The RBI's Monetary policy Committee has lifted the key repo rate by 140 basis points since May, including by 50 bps this month, while the government imposed restrictions on export of crops including wheat and sugar while cutting fuel taxes.
SOFTENING FOOD PRICES
Government officials expect a fall in prices of food items like edible oil, vegetables and pulses, helped by good rainfall and recent restrictions on foodgrain exports.
Food inflation, which accounts for nearly half the CPI basket, was 6.75 per cent in July, also easing for the third month in a row. Prices of edible oil and some metals fell.
"Inflationary pressures have eased," a government source said on Thursday, adding that the government and central bank would continue to take steps to bring retail inflation below 6 per cent.
Core inflation, excluding volatile food and energy prices, was estimated at 5.79-5.80 per cent in July, lower than 5.96-6.2 per cent estimates in June, said two economists, after the data release.
India does not release core inflation data.
Industrial output rose 12.3 per cent year on year in June, separate government data released on Friday showed, reflecting broadening of economic activities.
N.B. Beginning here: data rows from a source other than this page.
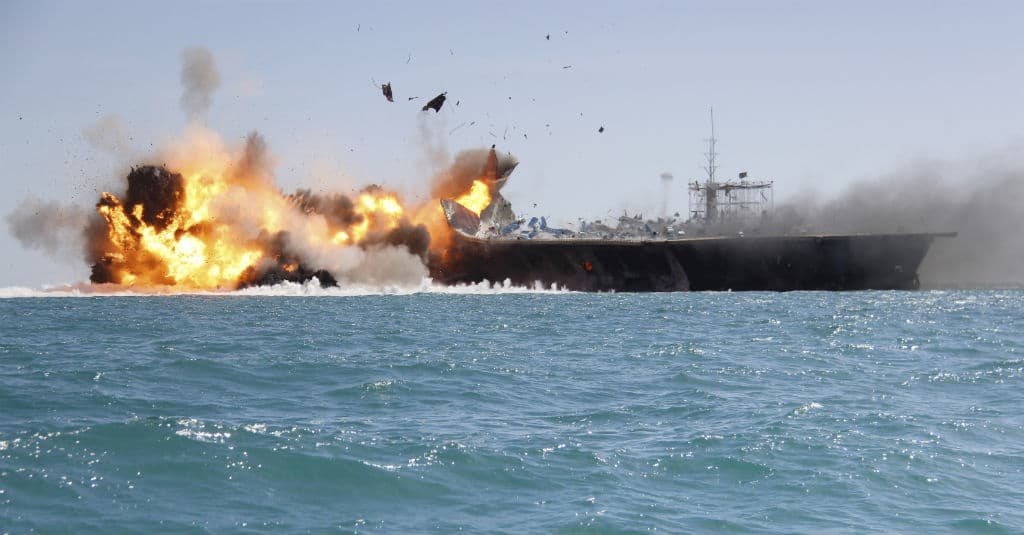 Iran Tenggelamkan Kapal Amerika Serikat di Kawasan Teluk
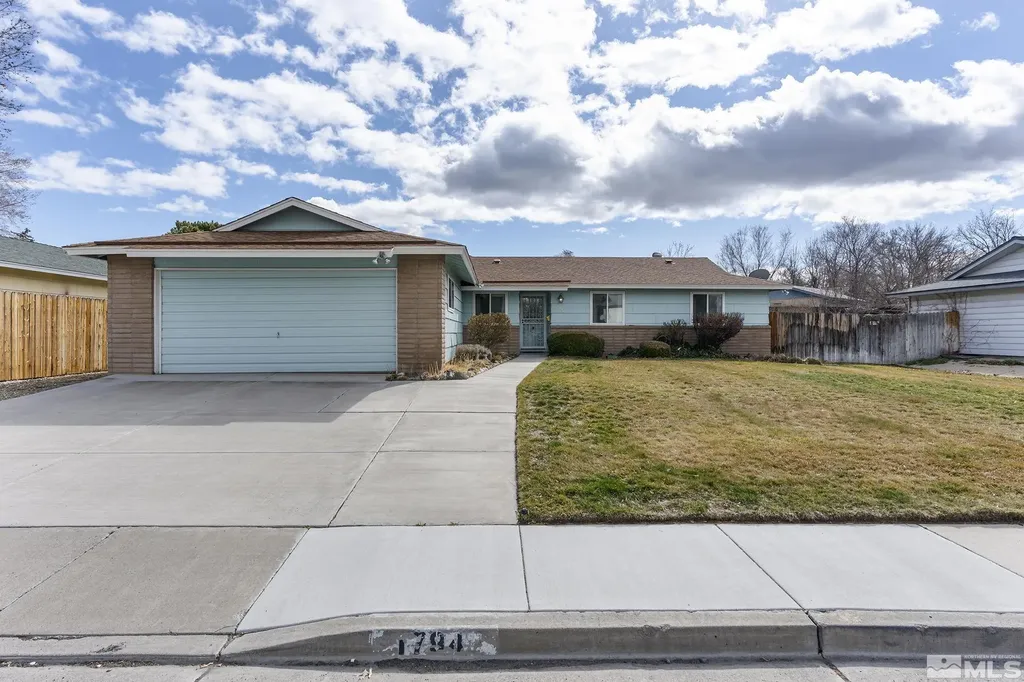 1794 Mesa Vista Sparks NV 89434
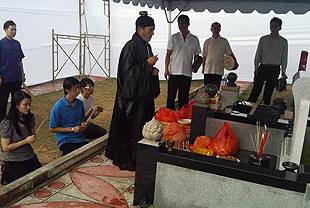 teoh exhumation exhumed 211109 praying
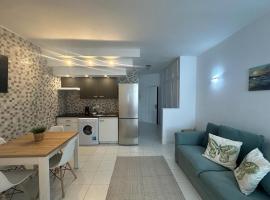 Liwia beautiful apartment in the first Oceanline in Los Cristianos.，位于洛斯克里斯蒂亚诺斯的公寓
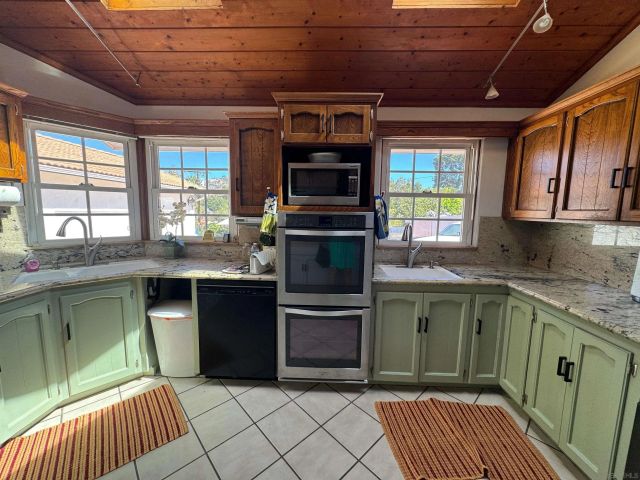 4178 S Tropico Dr, La Mesa, CA 91941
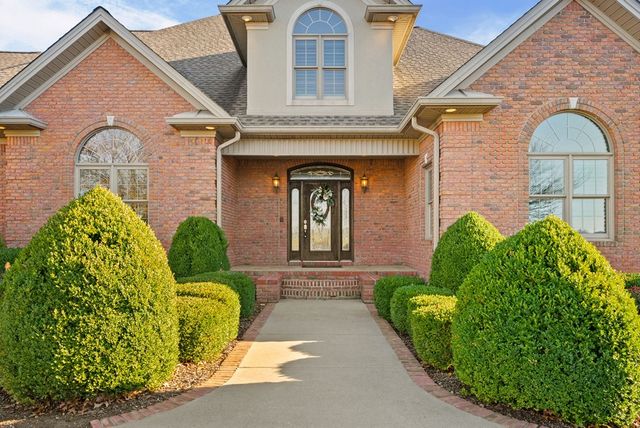 205 Lewis Bridge Way, Hopkinsville, KY 42240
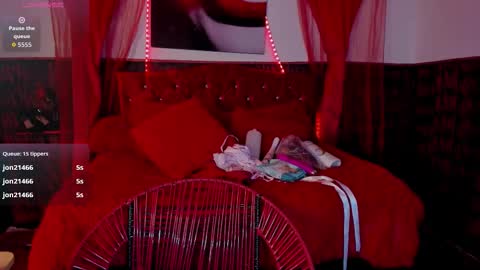 Snapshot of sobigcurvy44 chatting on 10/21/25, 03:18 leidy online show from 10/21/25, 03:18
Asia's third largest economy, which celebrates its 75th year of Independence from the British colonial rule on Monday, is expected to grow over 7 per cent in the current fiscal year ending in March 2023, the fastest growth among major economies.
"While some headwinds are expected from the external sector, India's large dependence on domestic consumption and investment will shield the economy to a greater extent than expected by the Street," said Rupa Rege Nitsure, economist at L&T Financial Holdings.